Where I was wasn't nearly as interesting to me as the mere fact that I had no idea about where I was.

I knew that this curious type of innocence wouldn't last long. And, sure enough, as soon as I turned onto my back I suddenly knew exactly where I was. The memory came all at once, not gradually or piecemeal. But, it took a small clue, like a speck of dust in a snowflake, for my memories to crystalize around. I was in a prison cell on death row in Terre Haute, Indiana.

Along with the "where" also came the "who, what, when, and why". (Most interesting perhaps was the "who", because before the memory came I honestly didn't know who I was and didn't seem to care any more than I did about where I was!) I was a convicted serial child rapist/murderer with three Federal death sentences and a good chance I could be killed within a few years.

Now, you might think this sudden realization would hit me hard, the way it does for people like me in the movies and on TV crime fantasy shows. But it didn't strike me at all. Instead I just felt satisfied that I had remembered where I was; and an underlying contentment with the entire situation.
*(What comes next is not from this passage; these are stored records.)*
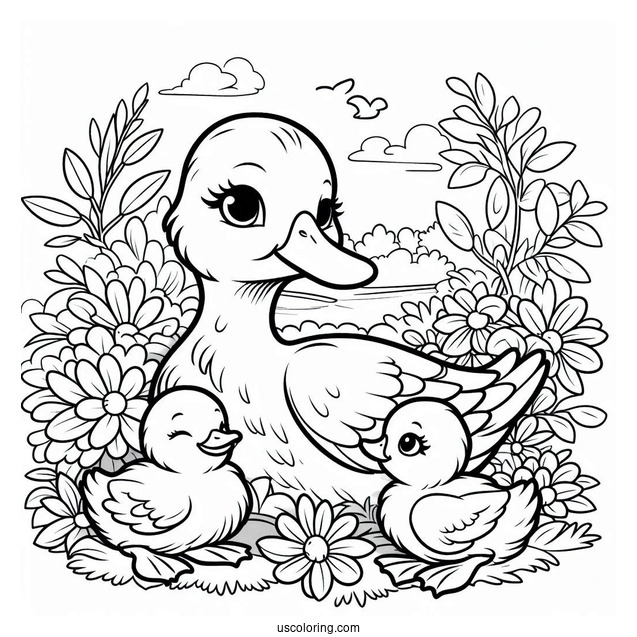 Duck Family Resting Near the Water Coloring Sheet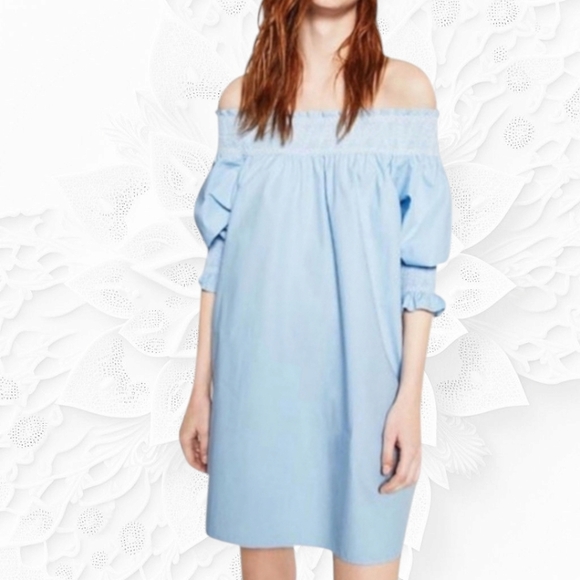 Zara 100% Cotton Off Shoulder Blue Mini Tunic Dress Size XS - Picture 2 of 8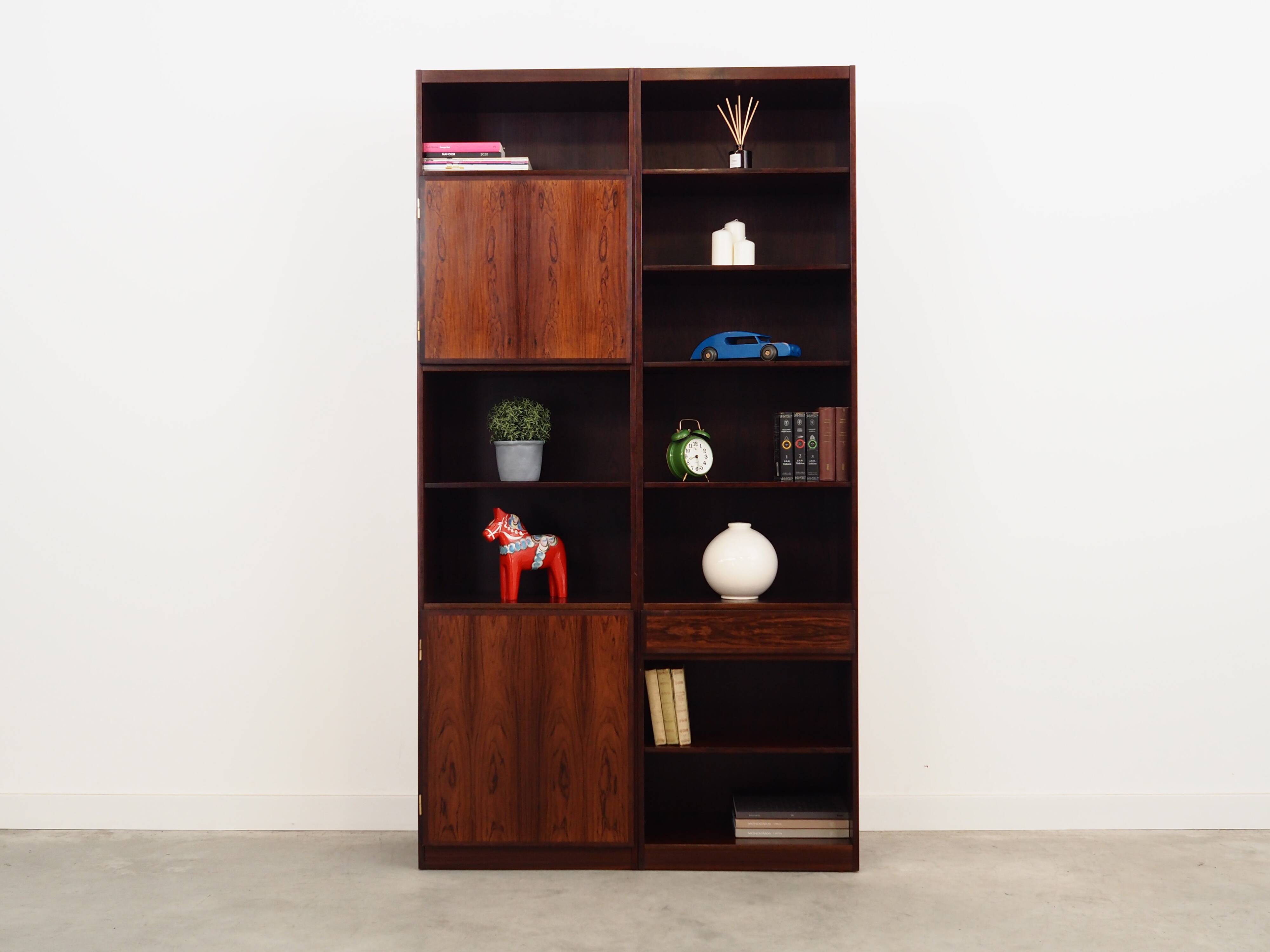 Ensemble de bibliothèques en palissandre, design danois, années 1970, éditeur : Omann Jun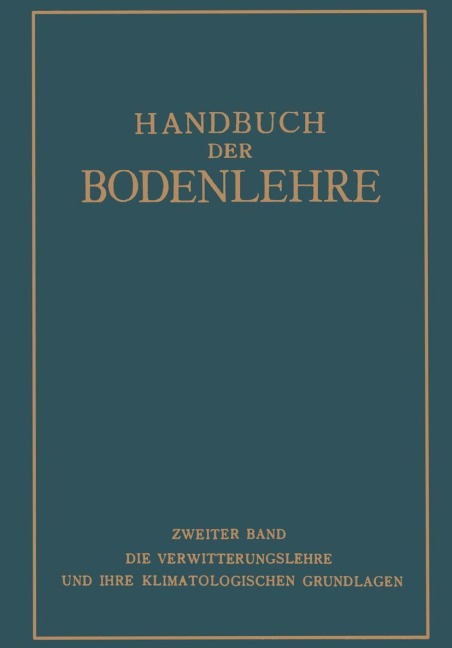 Handbuch der Bodenlehre - E. Blanck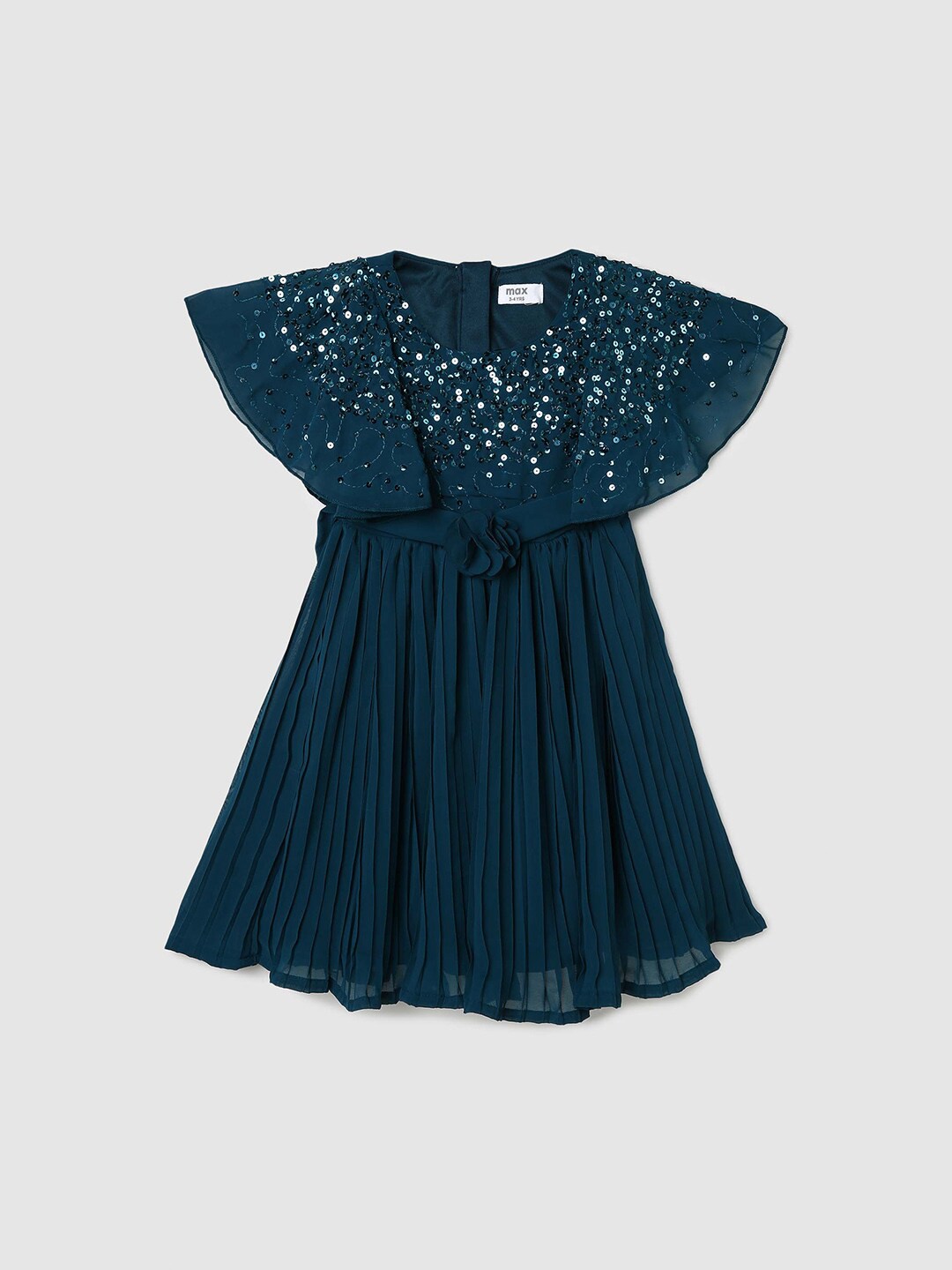 

max Girls Embellished Cape Sleeve Pleated Fit & Flare Dress, Green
I was exactly where I was supposed to be. I want to say that, "I felt like everything was going according to plan." But, that only works if I emphasize that it's not MY plan, at least not as an individual named Joseph E. Duncan III and called "Jet" by friends and family.

And the mere fact that I can't remember what the "plan" is matters no more to me than when I couldn't remember where I was.

Somehow I know, on a level clearly beyond all thought and memory, that everything is going to be okay, no matter wjat I can, or can't, remember!